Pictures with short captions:
== == ==

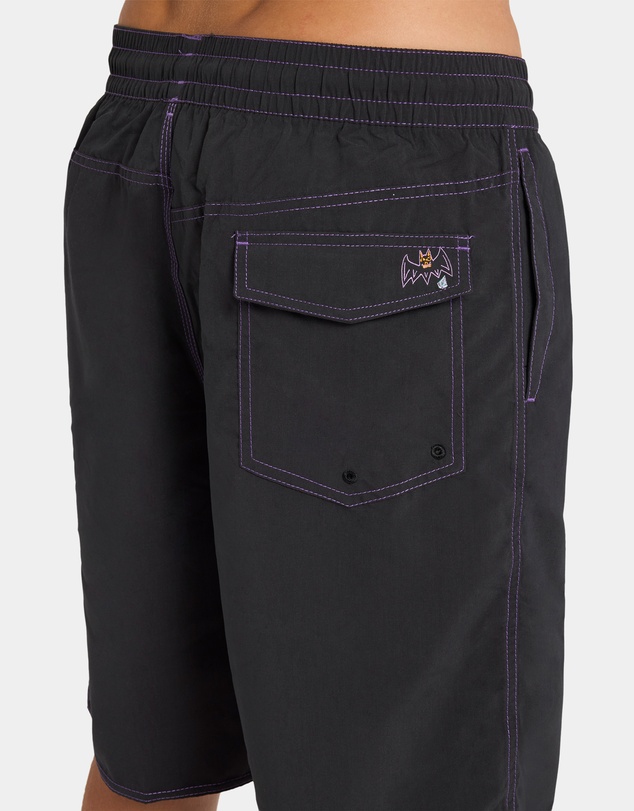 Volcom - Mens Off Ozzy Trunk 21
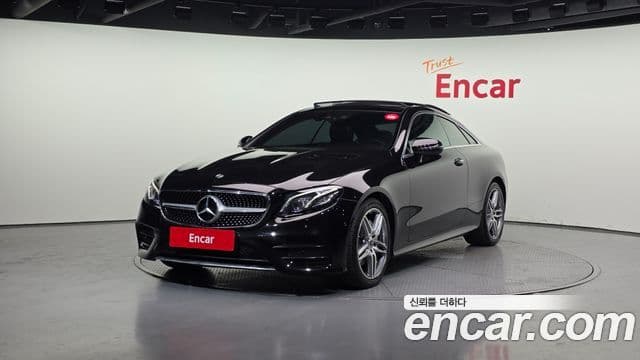 Mercedes-Benz E-Class 2019 — ფოტო 1/20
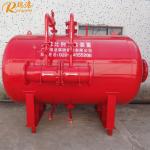 Customizable Proportioning Bladder Tanks – Reliable Foam Delivery Solutions
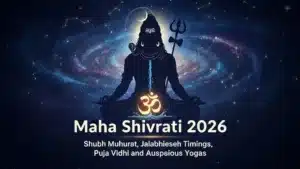 Maha Shivratri 2026: Shubh Muhurat, Jalabhishek Timings, Puja Vidhi and Auspicious Yogas in India
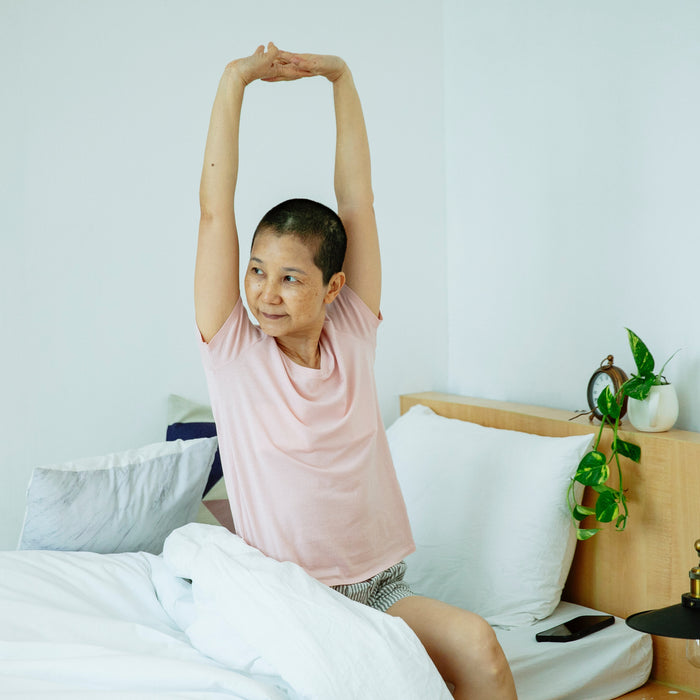 Benefits of Stretching in the Morning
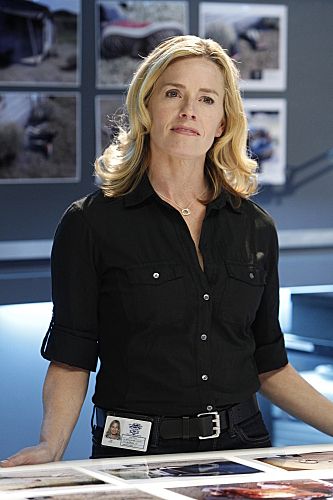 CSI: Crime Scene Investigation : Fotoğraf Elisabeth Shue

== == ==

The task:
Copy the lines of the records, beginning where the line containing "Benefits of Stretching in the Morning" appears and continuing through the final line, exactly and with no pictures.

Result of this exercise:
 Benefits of Stretching in the Morning
 CSI: Crime Scene Investigation : Fotoğraf Elisabeth Shue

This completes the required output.